The problem: Word for word, copy the data that follows and skip its pictures.

(Short web captions)
####################

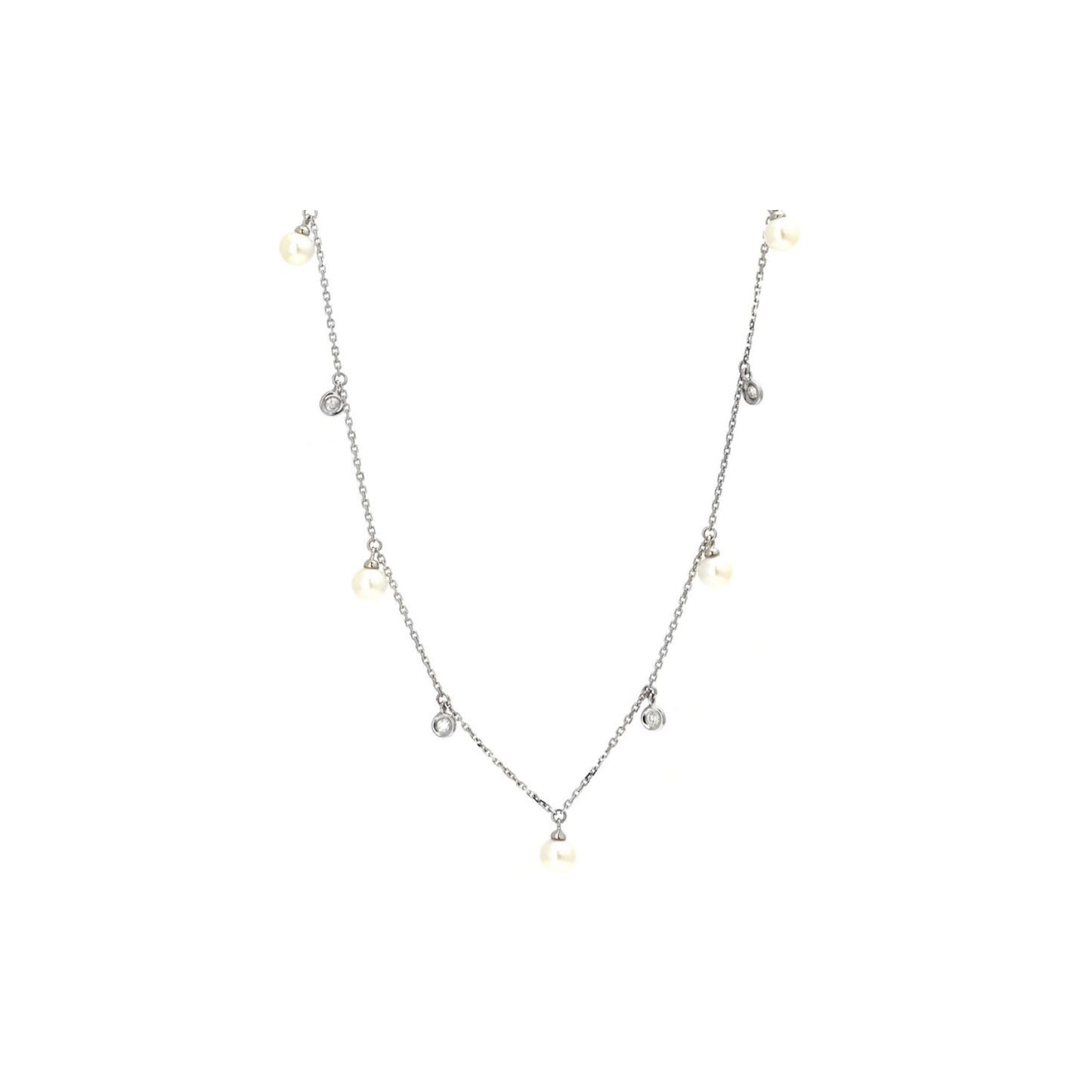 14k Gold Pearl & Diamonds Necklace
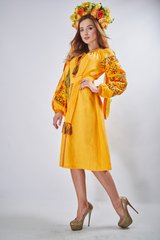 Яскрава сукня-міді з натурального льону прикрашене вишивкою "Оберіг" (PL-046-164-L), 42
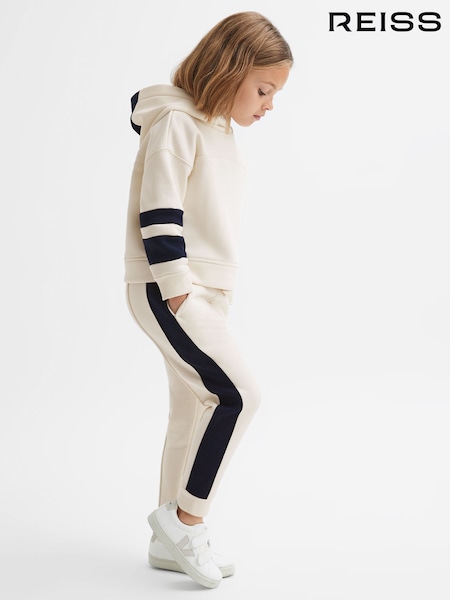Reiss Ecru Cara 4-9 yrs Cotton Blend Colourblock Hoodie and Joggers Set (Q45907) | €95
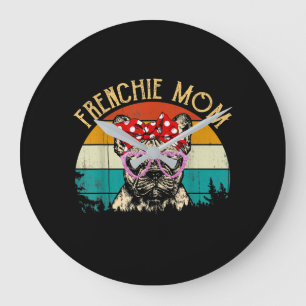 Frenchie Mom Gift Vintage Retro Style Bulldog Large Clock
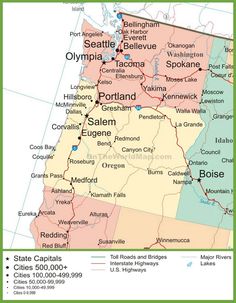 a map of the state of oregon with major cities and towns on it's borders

####################

Answer space:
 14k Gold Pearl & Diamonds Necklace
 Яскрава сукня-міді з натурального льону прикрашене вишивкою "Оберіг" (PL-046-164-L), 42
Reiss Ecru Cara 4-9 yrs Cotton Blend Colourblock Hoodie and Joggers Set (Q45907) | €95
 Frenchie Mom Gift Vintage Retro Style Bulldog Large Clock
 a map of the state of oregon with major cities and towns on it's borders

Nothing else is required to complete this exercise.